> DATA TO USE
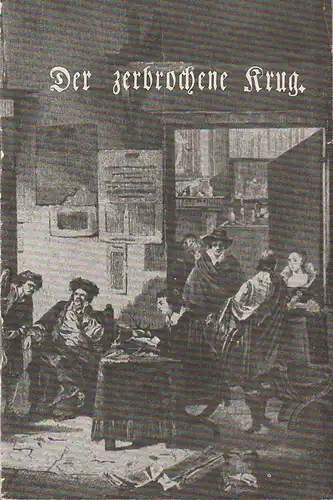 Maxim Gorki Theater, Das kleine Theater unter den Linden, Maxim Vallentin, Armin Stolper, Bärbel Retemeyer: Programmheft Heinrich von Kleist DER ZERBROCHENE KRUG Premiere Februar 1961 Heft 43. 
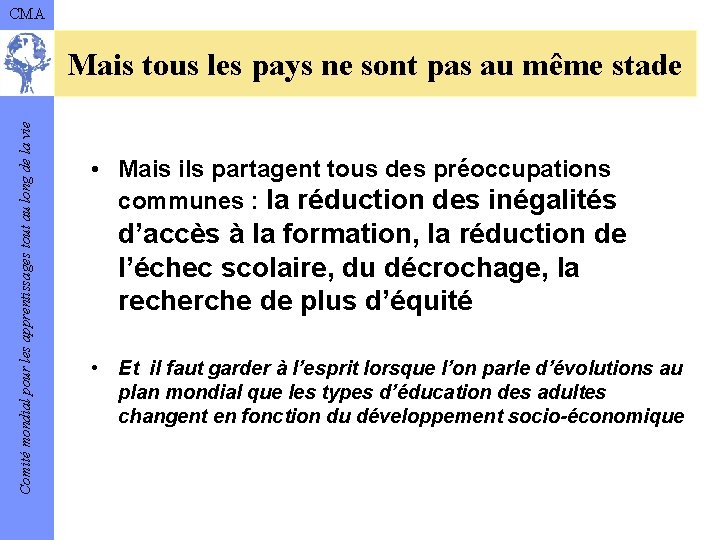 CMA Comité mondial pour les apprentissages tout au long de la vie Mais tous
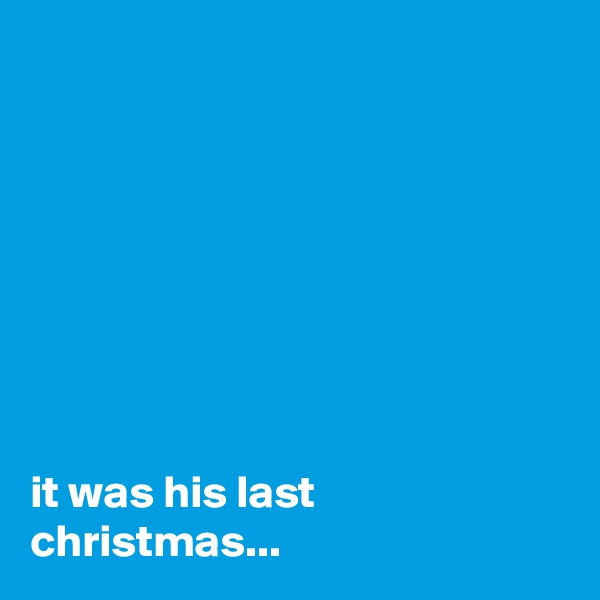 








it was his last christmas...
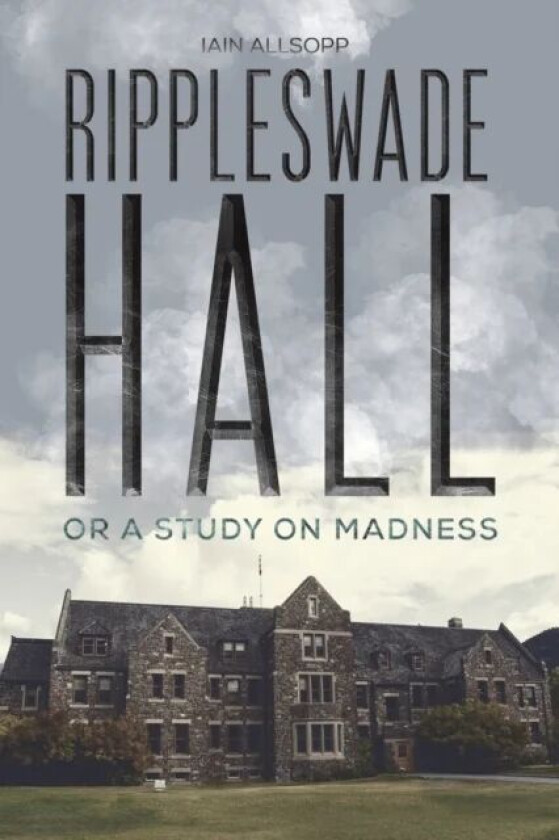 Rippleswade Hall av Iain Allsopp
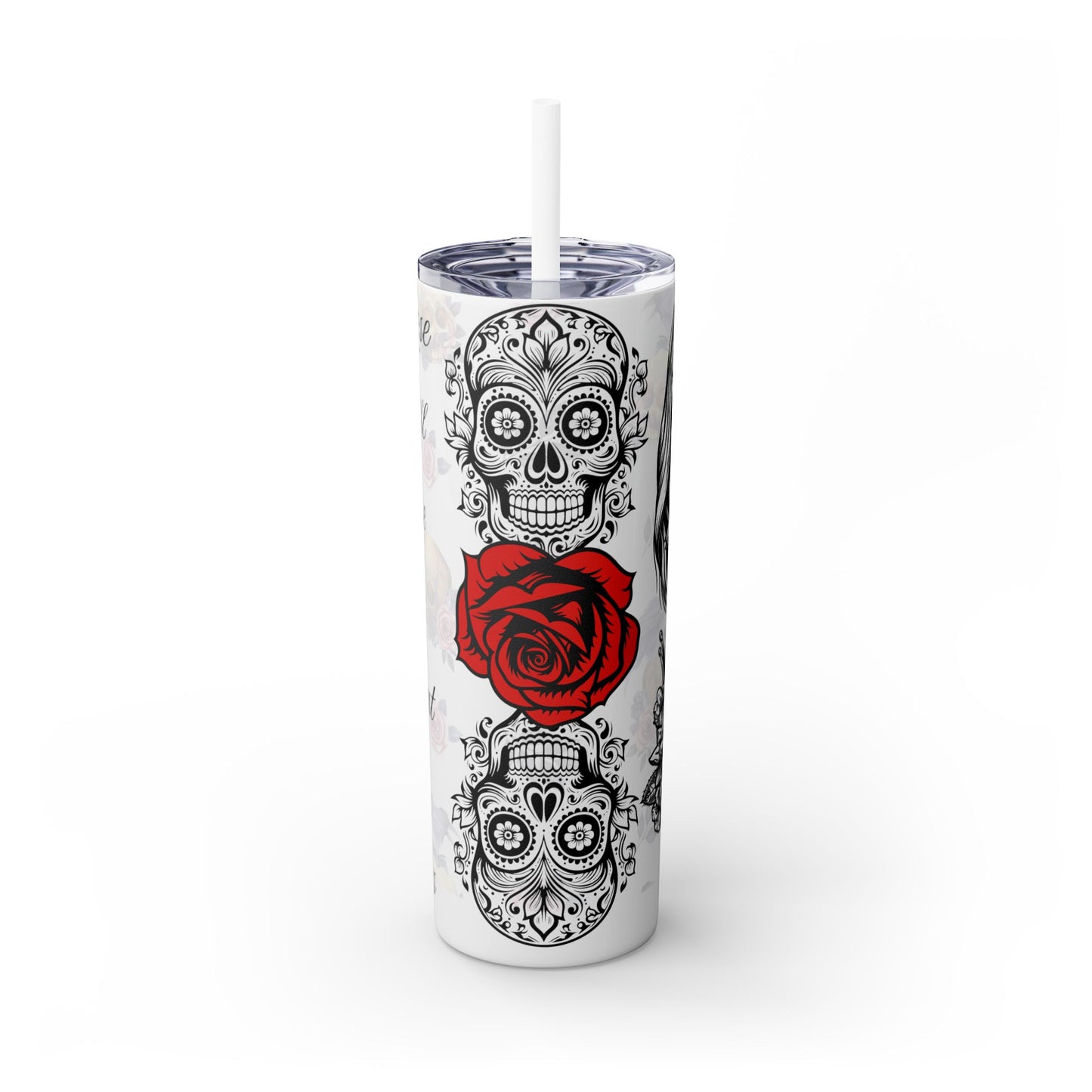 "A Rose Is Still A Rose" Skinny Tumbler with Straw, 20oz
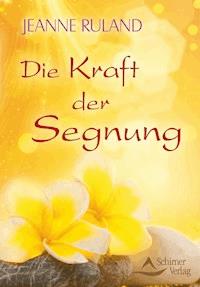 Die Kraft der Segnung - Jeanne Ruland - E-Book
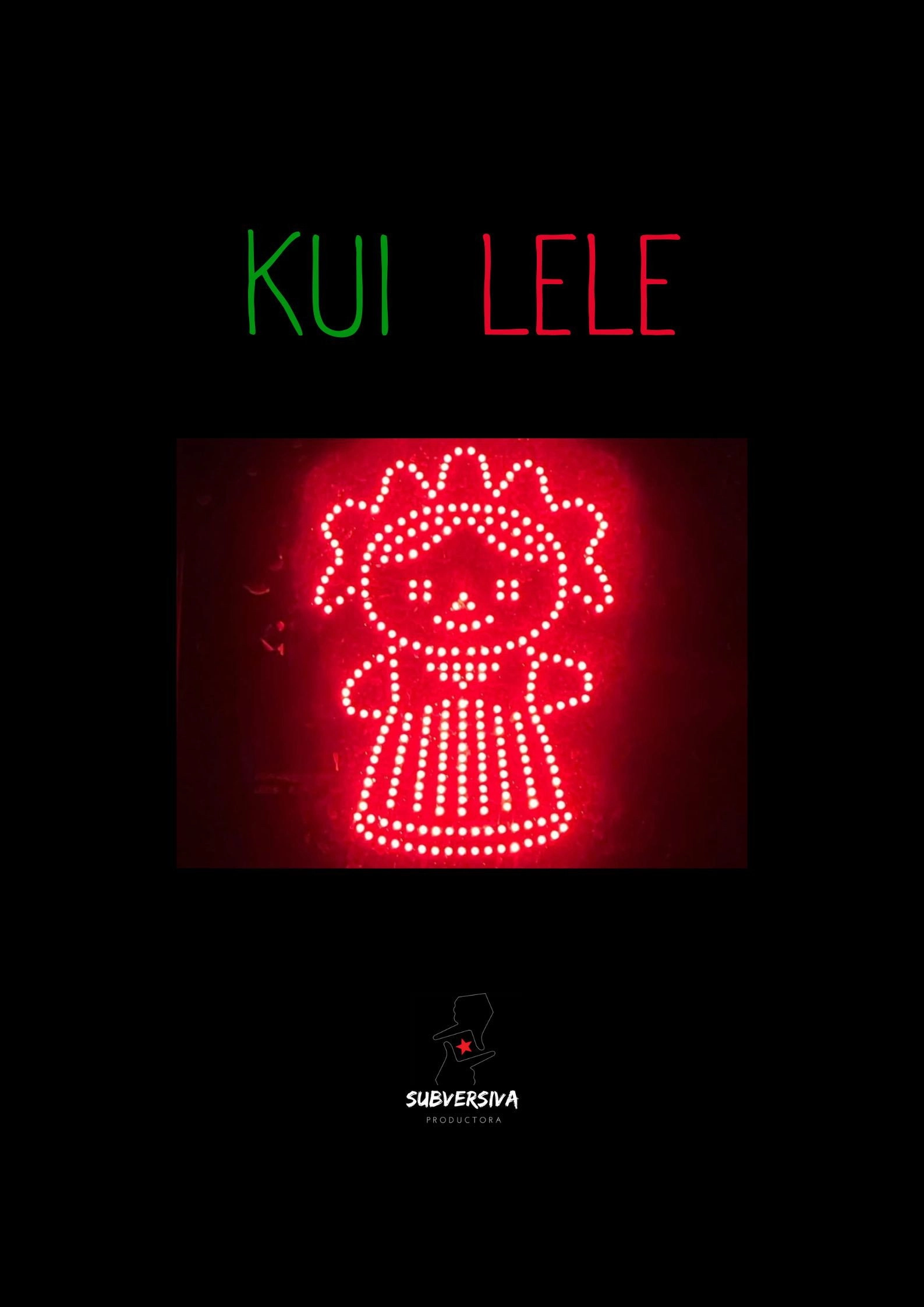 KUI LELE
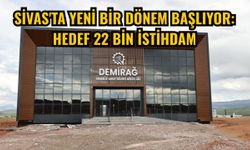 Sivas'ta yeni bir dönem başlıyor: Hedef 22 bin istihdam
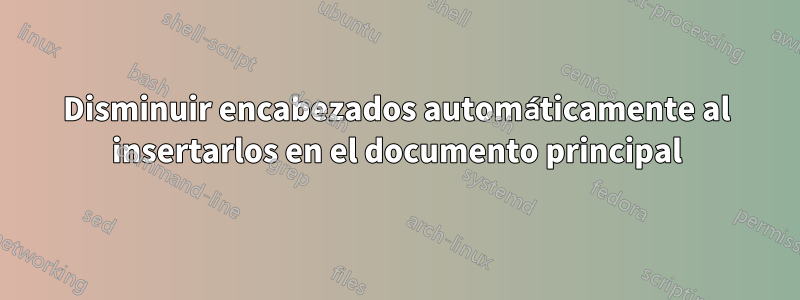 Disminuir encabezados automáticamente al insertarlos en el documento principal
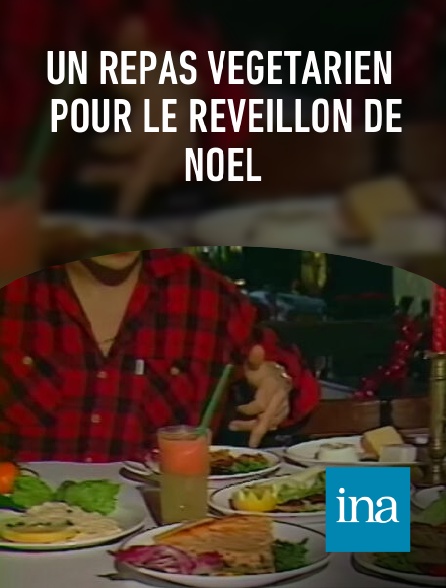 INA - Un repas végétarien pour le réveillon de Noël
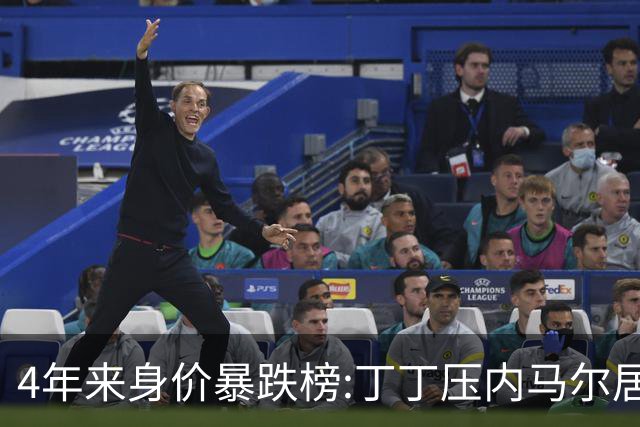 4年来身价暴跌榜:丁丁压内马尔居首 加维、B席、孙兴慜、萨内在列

> TASK TO COMPLETE
The line containing "CMA Comité mondial" and every line after it, through the end of the records, are what you should retype exactly. Do not include the pictures.

> OUTPUT BELOW
 CMA Comité mondial pour les apprentissages tout au long de la vie Mais tous








it was his last christmas...
 Rippleswade Hall av Iain Allsopp
 "A Rose Is Still A Rose" Skinny Tumbler with Straw, 20oz
 Die Kraft der Segnung - Jeanne Ruland - E-Book
 KUI LELE
 Sivas'ta yeni bir dönem başlıyor: Hedef 22 bin istihdam
 Disminuir encabezados automáticamente al insertarlos en el documento principal
 INA - Un repas végétarien pour le réveillon de Noël
 4年来身价暴跌榜:丁丁压内马尔居首 加维、B席、孙兴慜、萨内在列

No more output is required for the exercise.